Here’s the statement:

We, the undersigned, oppose moves toward the reimposition of the draft. The draft would be a more costly way of maintaining the military than an all-volunteer force. Those who claim that a draft costs less than a volunteer military cite as a savings the lower wages that the government can get away with paying draftees. But they leave out the burden imposed on the draftees themselves. Since a draft would force many young people to delay or forego entirely other activities valuable to them and to the rest of society, the real cost of military manpower would be substantially more than the wages draftees would be paid. Saying that a draft would reduce the cost of the military is like saying that the pyramids were cheap because they were built with slave labor.

One of my biggest disappointments was that John Kenneth Galbraith, who was a strong opponent of the draft, refused to sign.
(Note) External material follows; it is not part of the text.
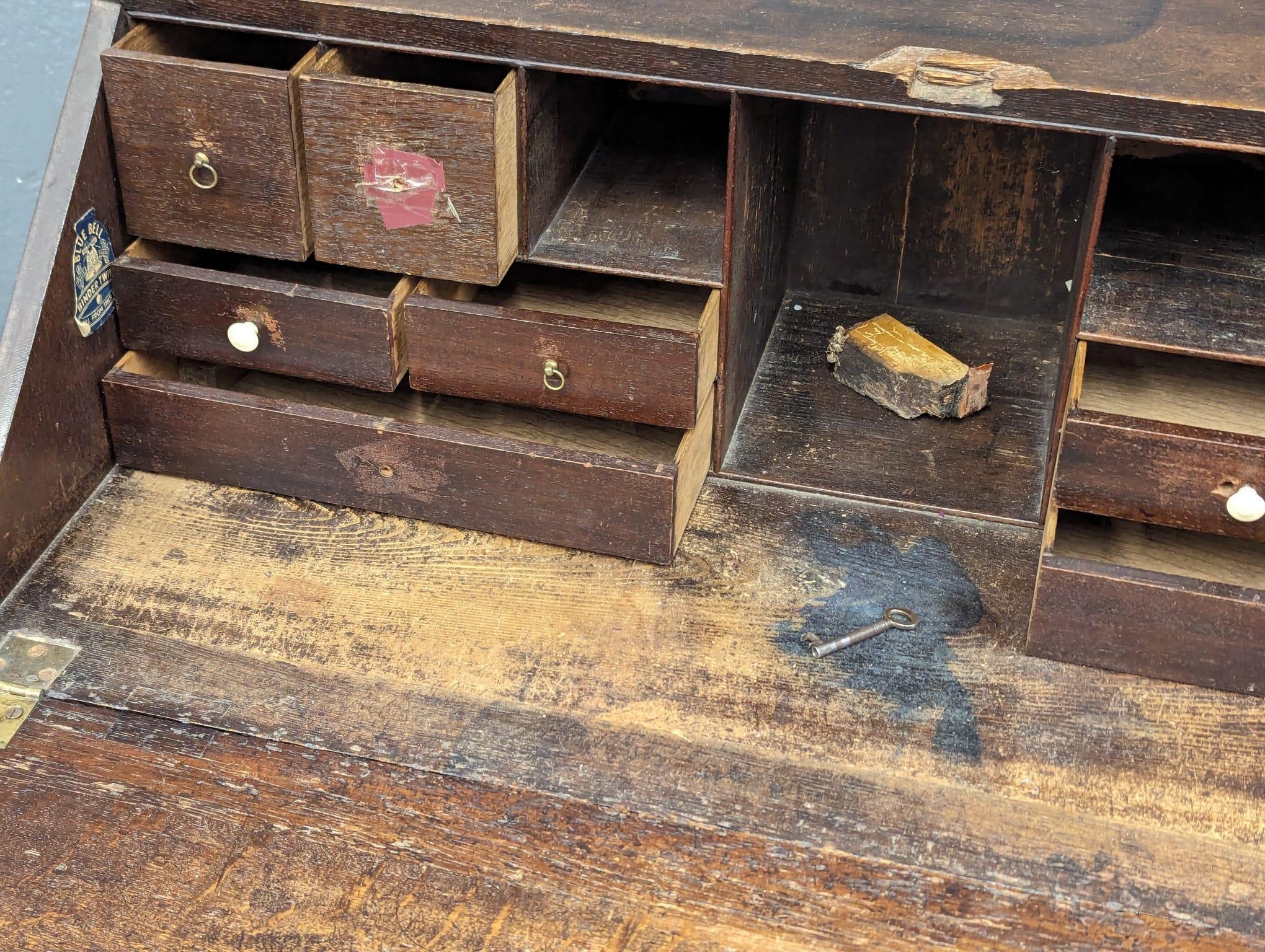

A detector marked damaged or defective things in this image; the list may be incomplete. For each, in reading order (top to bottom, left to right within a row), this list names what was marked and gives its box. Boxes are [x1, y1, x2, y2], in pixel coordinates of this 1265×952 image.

In the above interview, I meant to tell that story and forgot to. Here’s the part I would have told, from an article I wrote after Galbraith died:

So what’s to like about Galbraith’s thinking and about his contributions to society? A number of things. First, Galbraith was a strong opponent of military conscription. Writing in his autobiography about the debate over renewing the draft before the attack on Pearl Harbor , Galbraith used his rapier wit to score a point against advocates of the draft: “[T]he draft involved only the life and liberty of the subject. Price control involved money and property and thus had to be taken more seriously.” Later, in the 1960s, he wrote, “[T]he draft survives principally as a device by which we use compulsion to get young men to serve at less than the market rate of pay.” In the interest of full disclosure, though, I should point out that when I asked him in 1980 to sign “The Economists’ Statement Against the Draft,” which I had written and got almost 300 economists, including Milton Friedman and Alan Greenspan, to sign, he had his secretary tell me, “Professor Galbraith will not be signing.”